At a webinar for Phillip Securities’ clients on Dec 3, SPH group CEO Ng Yat Chung said: “the date for the Keppel scheme has not been fixed, It's possible that the Keppel scheme rather than taking place now in early December may take place … now in early January.”
On Nov 9, Keppel had indicated that its scheme could have been put to SPH’s shareholders on Dec 8. In answers to questions from SIAS, Keppel said, “SPH’s shareholders will be able to participate in the potential growth of both Keppel REIT and SPH REIT as well as receive distributions from Keppel REIT and SPH REIT following the completion of the transaction, in addition to being able to receive Keppel REIT units at a 10% discount to its NAV as of September 30, 2021.
“To give an illustration of the accrued distributions, assuming the transaction had been completed on Jan 15, 2021, the combined accrued distributions from Keppel REIT (for the period from July 1, 2020 to December 31, 2020) and SPH REIT (for the period from September 1, 2020 to November 30, 2020) would have been approximately $0.03 per SPH share. This is calculated using the distribution of $0.0293 per Keppel REIT unit which was declared on January 25, 2021 and had its books enclosure date on February 2, 2021, and the distribution of S0.0120 per SPH REIT unit which was declared on January 13, 2021 and had its books enclosure date on January 21, 2021.”
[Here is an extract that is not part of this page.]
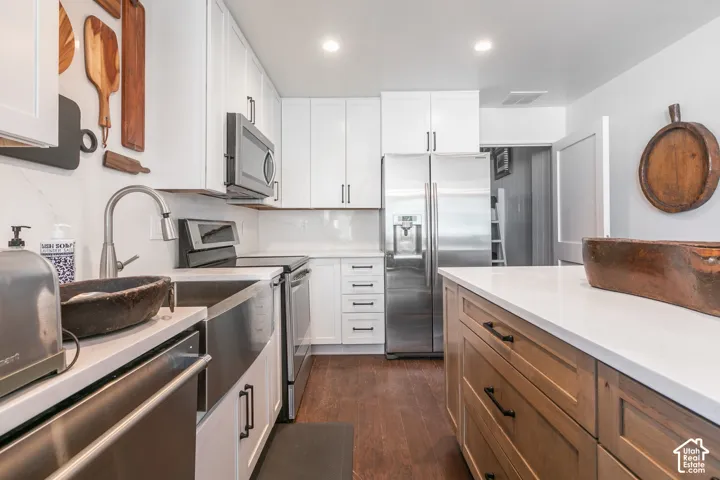 Modern kitchen with white cabinetry, stainless steel appliances, a farmhouse sink, light-toned countertops, and wood-finish flooring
When REITs pay out their distributions, their NAV per unit are adjusted downwards by the amount of distributions per unit. Sometimes, REITs’ units decline by their DPU post payouts.
If as CEO Ng has indicated, SPH’s shareholders get to vote on Keppel’s scheme in January, then they are unlikely to be entitled to the REITs’ distributions. Now with transaction certainty for both the Cuscaden scheme, and a high probability of certainty for the Keppel scheme post-Dec 9, the schemes should be put to SPH’s shareholders so they can vote for cash or REITs.